**RECORDS FOR THE TASK:**
╔══

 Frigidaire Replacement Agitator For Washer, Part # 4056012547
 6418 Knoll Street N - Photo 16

╚══
╔══

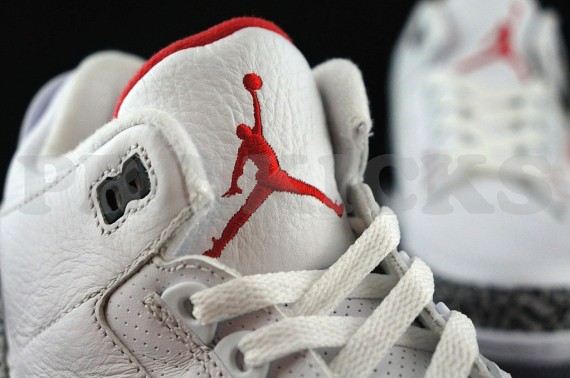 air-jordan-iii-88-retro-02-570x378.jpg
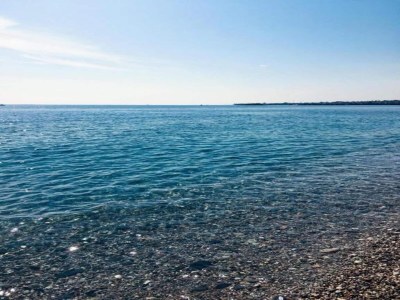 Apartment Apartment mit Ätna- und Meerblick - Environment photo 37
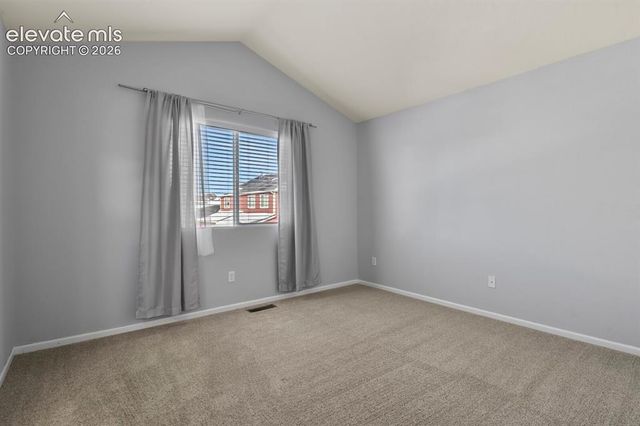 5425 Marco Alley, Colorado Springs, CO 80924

╚══

**TASK DIRECTIONS:** Using the material above, reproduce only the lines that run from the line with "Apartment Apartment mit" up to and including the line with "5425 Marco Alley, Colorado Springs, CO 80924", exactly, with the pictures dropped.

**ANSWER SECTION:**
 Apartment Apartment mit Ätna- und Meerblick - Environment photo 37
 5425 Marco Alley, Colorado Springs, CO 80924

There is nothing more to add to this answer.